Records section start

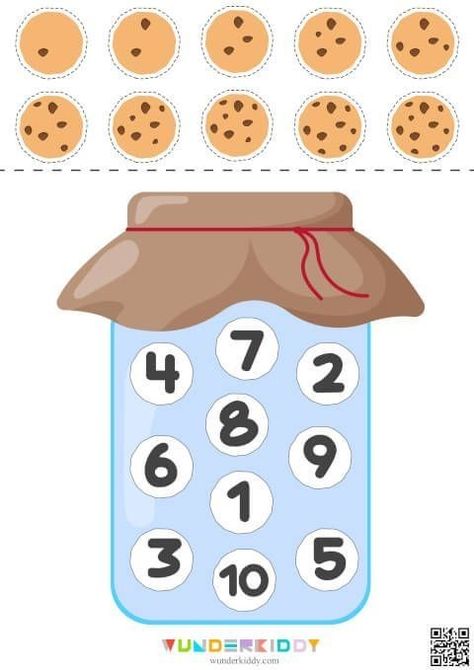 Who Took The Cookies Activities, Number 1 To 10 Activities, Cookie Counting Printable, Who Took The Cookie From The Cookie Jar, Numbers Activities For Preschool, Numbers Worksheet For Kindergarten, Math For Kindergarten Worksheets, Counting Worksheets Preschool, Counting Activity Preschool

Records section end
Records section start

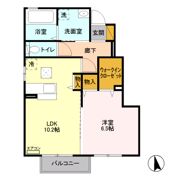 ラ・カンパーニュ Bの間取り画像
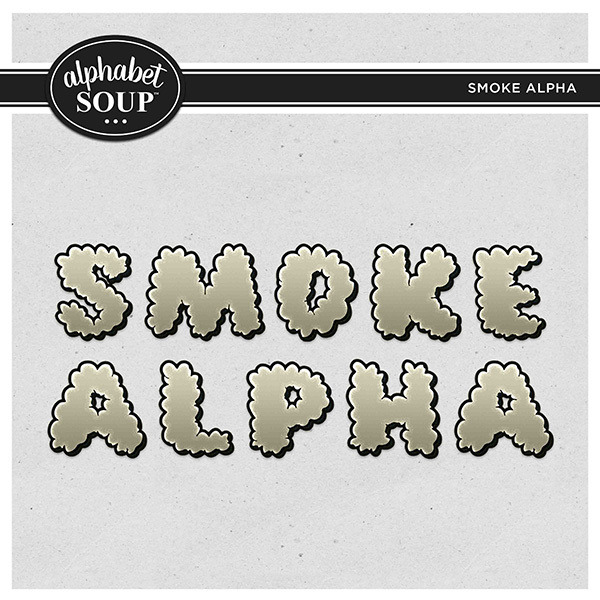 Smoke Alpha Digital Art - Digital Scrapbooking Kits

Records section end
Records section start

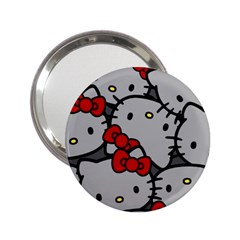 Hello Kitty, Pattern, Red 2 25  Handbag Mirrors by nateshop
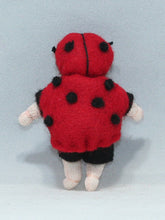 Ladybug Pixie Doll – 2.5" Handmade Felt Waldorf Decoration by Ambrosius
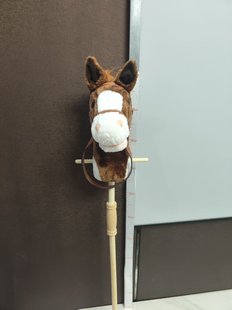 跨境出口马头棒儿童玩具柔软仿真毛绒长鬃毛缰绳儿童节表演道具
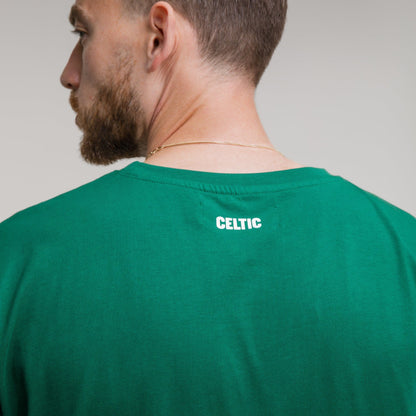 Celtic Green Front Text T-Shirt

Records section end

◆ What you need to do
In the records above, copy exactly everything from the line that has "Hello Kitty, Pattern, Red" down to the line that has "Celtic Green Front Text T-Shirt", both ends included, and leave out the pictures.

◆ The answer
 Hello Kitty, Pattern, Red 2 25  Handbag Mirrors by nateshop
 Ladybug Pixie Doll – 2.5" Handmade Felt Waldorf Decoration by Ambrosius
 跨境出口马头棒儿童玩具柔软仿真毛绒长鬃毛缰绳儿童节表演道具
 Celtic Green Front Text T-Shirt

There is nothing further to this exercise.